**WHAT IS NEEDED:**
Where does the word "Bathroom" show up in the data? Please find each such line and copy it.

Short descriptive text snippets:
◇ ◇ ◇ ◇ ◇

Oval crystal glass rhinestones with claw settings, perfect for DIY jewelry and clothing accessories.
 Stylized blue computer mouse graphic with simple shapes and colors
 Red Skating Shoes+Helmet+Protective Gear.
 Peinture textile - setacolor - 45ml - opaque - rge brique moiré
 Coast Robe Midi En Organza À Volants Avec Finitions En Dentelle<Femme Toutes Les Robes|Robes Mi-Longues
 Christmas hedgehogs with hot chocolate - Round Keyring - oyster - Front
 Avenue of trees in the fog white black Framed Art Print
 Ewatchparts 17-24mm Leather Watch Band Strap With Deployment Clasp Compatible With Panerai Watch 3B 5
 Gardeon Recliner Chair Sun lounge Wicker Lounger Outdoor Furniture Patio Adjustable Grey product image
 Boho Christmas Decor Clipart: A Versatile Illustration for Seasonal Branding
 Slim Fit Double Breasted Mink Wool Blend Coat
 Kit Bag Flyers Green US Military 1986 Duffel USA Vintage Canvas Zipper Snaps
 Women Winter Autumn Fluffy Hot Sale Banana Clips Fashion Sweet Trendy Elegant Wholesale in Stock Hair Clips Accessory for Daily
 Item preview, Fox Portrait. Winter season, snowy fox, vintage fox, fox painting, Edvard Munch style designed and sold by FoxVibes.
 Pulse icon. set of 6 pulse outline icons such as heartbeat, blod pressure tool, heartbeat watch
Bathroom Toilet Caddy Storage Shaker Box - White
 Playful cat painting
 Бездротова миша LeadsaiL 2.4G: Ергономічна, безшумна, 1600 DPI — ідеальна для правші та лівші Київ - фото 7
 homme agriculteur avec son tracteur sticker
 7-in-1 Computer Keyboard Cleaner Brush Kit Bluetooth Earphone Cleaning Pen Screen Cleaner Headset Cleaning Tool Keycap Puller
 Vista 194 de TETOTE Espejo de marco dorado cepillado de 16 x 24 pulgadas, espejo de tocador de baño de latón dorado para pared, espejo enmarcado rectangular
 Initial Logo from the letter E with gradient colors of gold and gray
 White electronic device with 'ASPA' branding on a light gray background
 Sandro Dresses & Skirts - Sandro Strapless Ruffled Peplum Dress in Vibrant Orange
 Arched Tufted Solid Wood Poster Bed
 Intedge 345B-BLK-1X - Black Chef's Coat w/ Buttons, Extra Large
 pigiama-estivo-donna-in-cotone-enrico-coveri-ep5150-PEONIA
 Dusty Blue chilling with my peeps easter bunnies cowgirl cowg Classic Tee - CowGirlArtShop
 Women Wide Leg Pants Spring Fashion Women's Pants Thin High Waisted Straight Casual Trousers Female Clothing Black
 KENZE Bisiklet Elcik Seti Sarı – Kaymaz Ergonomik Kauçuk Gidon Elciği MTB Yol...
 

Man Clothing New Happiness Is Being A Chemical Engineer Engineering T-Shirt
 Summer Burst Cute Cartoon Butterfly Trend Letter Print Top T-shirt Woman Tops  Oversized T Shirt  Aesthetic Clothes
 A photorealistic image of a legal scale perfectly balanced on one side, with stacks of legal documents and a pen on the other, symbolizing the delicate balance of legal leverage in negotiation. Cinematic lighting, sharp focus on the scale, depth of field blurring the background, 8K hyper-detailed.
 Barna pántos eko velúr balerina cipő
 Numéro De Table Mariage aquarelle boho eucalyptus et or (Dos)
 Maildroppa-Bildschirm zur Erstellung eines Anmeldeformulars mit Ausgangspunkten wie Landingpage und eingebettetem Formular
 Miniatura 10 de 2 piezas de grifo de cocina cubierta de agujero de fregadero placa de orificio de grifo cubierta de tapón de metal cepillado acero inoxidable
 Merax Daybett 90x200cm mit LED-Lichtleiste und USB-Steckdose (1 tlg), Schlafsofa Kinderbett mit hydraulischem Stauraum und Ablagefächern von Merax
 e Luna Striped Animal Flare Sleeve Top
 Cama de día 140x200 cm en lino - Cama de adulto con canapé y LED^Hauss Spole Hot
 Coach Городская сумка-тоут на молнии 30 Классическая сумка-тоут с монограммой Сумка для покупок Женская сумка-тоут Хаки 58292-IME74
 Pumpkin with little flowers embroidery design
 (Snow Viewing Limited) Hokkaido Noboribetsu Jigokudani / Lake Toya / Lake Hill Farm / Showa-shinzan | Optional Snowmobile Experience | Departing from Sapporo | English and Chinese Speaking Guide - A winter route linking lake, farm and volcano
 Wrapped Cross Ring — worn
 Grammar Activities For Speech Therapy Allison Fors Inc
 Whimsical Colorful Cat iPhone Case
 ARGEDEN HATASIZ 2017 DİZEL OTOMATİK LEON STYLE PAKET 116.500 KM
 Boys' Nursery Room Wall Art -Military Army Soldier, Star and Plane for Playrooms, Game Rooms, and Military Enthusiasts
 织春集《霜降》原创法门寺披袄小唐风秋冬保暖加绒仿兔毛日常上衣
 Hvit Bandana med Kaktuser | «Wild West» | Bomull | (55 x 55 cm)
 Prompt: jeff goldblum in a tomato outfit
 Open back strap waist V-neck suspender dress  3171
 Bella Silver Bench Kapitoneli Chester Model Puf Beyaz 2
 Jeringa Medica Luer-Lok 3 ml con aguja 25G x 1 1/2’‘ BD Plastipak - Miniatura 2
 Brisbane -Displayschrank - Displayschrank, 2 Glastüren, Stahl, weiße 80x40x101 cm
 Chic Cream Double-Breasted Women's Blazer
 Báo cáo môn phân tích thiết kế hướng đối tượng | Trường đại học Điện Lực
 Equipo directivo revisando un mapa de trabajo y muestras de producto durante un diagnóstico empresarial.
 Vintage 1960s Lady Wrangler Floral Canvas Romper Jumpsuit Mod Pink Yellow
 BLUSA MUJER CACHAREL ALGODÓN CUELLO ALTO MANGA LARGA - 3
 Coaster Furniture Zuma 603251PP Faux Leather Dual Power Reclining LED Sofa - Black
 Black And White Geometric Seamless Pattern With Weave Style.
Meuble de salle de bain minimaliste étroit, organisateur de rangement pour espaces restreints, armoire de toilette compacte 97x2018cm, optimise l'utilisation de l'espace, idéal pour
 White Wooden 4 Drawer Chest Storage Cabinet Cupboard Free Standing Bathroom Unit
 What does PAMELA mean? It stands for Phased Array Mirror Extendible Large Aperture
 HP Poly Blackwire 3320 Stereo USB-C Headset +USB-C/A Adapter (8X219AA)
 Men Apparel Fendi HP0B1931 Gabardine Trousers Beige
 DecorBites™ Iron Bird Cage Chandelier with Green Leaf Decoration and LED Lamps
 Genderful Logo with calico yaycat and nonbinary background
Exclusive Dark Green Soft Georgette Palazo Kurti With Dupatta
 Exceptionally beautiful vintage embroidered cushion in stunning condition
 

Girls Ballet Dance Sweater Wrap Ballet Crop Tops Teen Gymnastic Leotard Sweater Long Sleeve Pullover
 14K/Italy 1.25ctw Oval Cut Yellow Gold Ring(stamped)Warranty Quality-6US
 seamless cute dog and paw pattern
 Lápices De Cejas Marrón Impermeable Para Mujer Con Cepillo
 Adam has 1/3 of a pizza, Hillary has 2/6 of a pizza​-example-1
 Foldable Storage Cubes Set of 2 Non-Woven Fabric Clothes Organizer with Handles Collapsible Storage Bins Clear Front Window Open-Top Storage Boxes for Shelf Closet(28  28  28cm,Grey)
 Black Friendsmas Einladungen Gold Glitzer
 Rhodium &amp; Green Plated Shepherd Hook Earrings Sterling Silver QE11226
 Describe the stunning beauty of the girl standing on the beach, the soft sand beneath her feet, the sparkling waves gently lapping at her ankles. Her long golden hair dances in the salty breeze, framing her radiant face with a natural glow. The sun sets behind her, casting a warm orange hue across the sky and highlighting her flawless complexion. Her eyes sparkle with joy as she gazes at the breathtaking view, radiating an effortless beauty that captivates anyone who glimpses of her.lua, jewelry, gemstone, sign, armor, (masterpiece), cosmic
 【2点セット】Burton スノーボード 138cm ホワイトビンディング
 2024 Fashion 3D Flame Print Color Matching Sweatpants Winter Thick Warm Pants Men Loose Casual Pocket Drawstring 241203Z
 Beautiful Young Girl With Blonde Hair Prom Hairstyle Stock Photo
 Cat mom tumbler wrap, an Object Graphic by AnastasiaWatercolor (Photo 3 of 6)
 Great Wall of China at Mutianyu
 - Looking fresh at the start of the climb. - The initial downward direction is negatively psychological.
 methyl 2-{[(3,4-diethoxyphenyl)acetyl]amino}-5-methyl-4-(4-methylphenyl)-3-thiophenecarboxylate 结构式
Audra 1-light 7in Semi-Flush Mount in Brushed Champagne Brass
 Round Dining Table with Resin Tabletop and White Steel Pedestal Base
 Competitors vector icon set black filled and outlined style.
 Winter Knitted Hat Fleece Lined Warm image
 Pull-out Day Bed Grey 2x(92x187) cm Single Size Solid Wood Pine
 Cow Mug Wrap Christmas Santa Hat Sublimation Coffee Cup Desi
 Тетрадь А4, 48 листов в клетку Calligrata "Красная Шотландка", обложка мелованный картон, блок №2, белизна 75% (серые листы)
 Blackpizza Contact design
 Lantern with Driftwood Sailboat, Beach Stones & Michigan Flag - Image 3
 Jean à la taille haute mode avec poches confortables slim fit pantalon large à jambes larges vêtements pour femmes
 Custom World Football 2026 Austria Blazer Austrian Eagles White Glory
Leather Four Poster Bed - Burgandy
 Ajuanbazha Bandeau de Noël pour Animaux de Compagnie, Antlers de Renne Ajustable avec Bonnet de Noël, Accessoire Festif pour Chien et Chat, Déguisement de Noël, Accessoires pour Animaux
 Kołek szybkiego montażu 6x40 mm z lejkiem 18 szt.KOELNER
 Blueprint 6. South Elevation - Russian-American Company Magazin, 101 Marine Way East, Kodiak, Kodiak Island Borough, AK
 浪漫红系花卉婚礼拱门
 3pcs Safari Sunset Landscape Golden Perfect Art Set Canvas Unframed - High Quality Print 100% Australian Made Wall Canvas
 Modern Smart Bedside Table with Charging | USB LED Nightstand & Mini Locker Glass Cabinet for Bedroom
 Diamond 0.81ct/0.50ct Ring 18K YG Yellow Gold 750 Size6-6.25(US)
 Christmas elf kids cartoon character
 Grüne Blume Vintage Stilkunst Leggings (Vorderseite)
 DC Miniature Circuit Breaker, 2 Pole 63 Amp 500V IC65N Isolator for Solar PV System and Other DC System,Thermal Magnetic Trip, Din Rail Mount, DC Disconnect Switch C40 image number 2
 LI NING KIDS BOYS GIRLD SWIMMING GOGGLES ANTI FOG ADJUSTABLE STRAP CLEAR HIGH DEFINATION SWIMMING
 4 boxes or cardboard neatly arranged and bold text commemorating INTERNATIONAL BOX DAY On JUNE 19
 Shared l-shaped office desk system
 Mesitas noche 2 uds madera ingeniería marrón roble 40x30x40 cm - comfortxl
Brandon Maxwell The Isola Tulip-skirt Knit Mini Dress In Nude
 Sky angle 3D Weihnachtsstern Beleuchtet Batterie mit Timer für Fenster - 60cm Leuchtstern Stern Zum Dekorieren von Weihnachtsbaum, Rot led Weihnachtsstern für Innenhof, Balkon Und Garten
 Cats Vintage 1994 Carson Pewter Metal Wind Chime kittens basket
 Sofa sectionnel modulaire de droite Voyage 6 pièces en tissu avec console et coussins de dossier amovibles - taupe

◇ ◇ ◇ ◇ ◇

**ANSWER FOR THIS EXERCISE:**
Bathroom Toilet Caddy Storage Shaker Box - White
 White Wooden 4 Drawer Chest Storage Cabinet Cupboard Free Standing Bathroom Unit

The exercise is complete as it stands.